We’re continuing to explore the delights of J B Reboul’s la Cuisinière Provençale, although some of these recipes will have to wait until I have access to truffles. They
don’t fit in the budget right now, and I’ve not yet managed to get the dogs to sniff them out for me.
Not for want of trying, and with fair success at locating where the sanglier (wild pigs) have already been happily feasting. Alas, until I take an offensive stance against these ravenous beasts, truffles remain unavailable, and what with spring coming upon us, I’m forced to explore other culinary suggestions. That gives me roughly seven months to plan the wild game menus, train the dogs to sniff out the black gold, and summon the wherewithall to attempt serving pied-pacquets.

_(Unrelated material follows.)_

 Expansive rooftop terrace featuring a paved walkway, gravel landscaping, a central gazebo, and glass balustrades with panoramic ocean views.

Sunday lunch was quite simple, so long as I had the timing worked out. It took a well-regimented two hours, with very little work in between the cooking. I’m proud to say that
the saffron was harvested from my garden this fall. I purchased 10 bulbs from the market in Aix (Place Richlème), planted them in August, and they were blooming mid-September. It’s
Clean and tie up a whole roasting chicken, generally about 2-½ kg (5 lbs.), and place it in a large casserole with:
1 peeled, whole onion poked with 2 whole cloves
2 topped carrots
1 stalk celery
2 peeled, whole cloves garlic
A bouquet garni: a stalk of thyme, parsley, a bay leaf
250 ml white wine
1 l bouillon or water
Cover, and cook chicken until tender, about 1-½ hrs at 180°C (350°F); Strain, reserving liquid. Return chicken to oven, uncovered, for 15 minutes to crisp the skin.

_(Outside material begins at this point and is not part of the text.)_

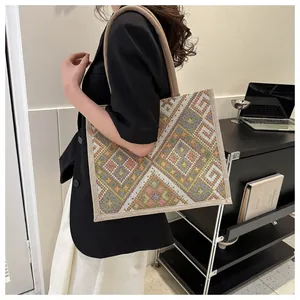 Detailed shot of ethnic tote bag showing colorful geometric patterns and rope handles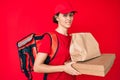 Young hispanic woman holding take away paper bag clueless and confused expression Royalty Free Stock Photo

Meanwhile, melt in cooking pot: 2 T lard or butter
Add and sauté briefly: 1 finely-chopped onion
Stir in: 250 g (1 C) long-grain rice
Mix well to coat all grains, and then gradually stir in:
500 ml (2 C) hot broth
Season with S & P, nutmeg and a generous pinch of saffron
Cover, and simmer gently until tender, about 20 minutes.

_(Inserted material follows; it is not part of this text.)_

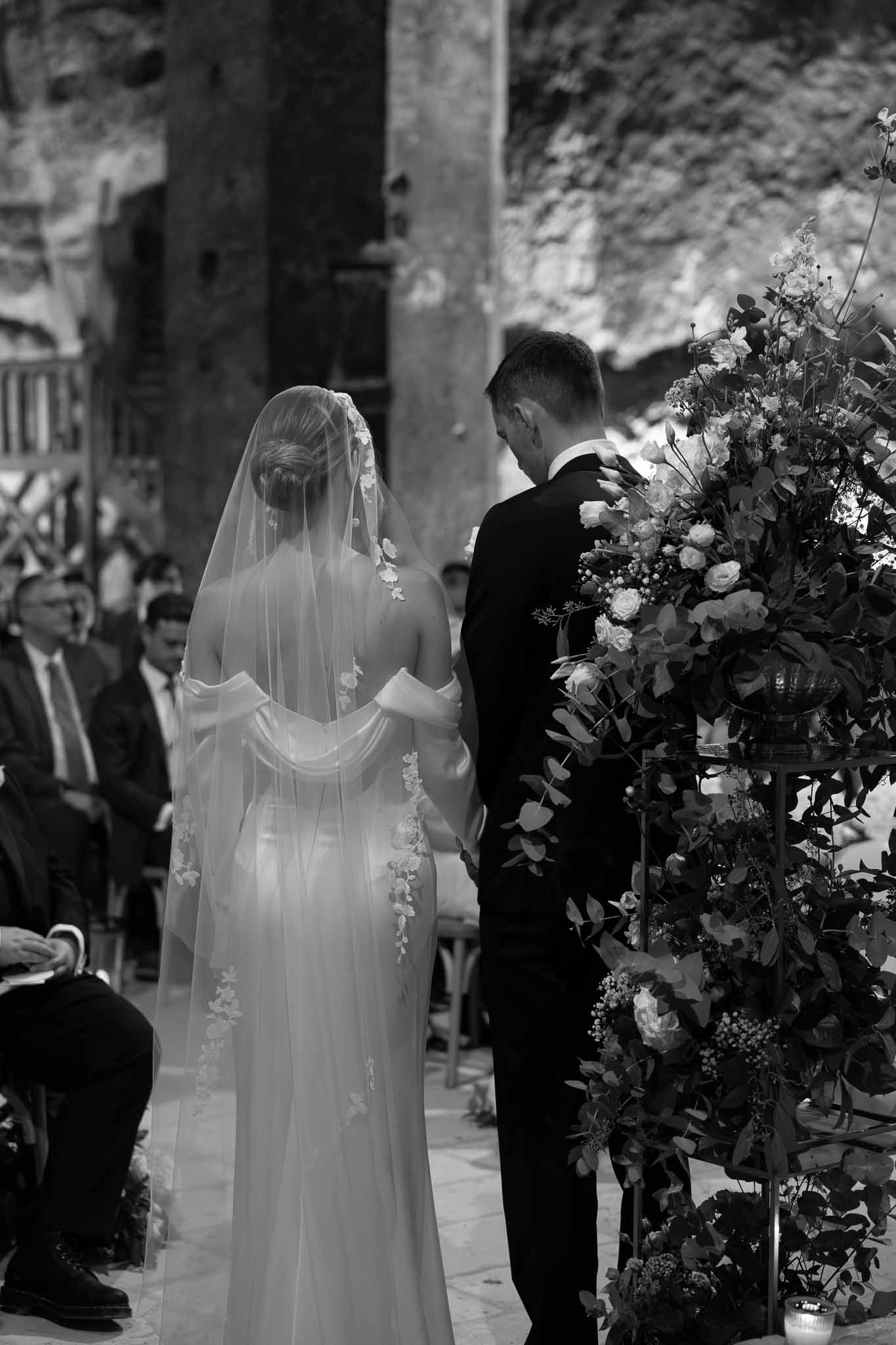Black and white rear view of couple at altar in stone ruin with floral urn and lace-motif veil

Meanwhile, in a saucepan, melt: 2 T butter
Stir in, without browning: 1 T flour
Blend in remaining 500 ml (2 C) hot broth
Let simmer while rice cooks; test seasoning.
[While everything else was cooking, I sliced the cooked carrots and reheated them to serve with the meal.
When you’re ready to serve, work into the gravy:
2 egg yolks
Juice of 1 lemon
Be sure to stir a couple of spoonfuls hot gravy into the egg yolks, and not the egg yolks directly into the gravy. In case you do get careless, strain the curdled mixture, and try again with fresh egg yolks and lemon.
This went well with a lovely fresh, crisp and slightly fruity rosé Varoise.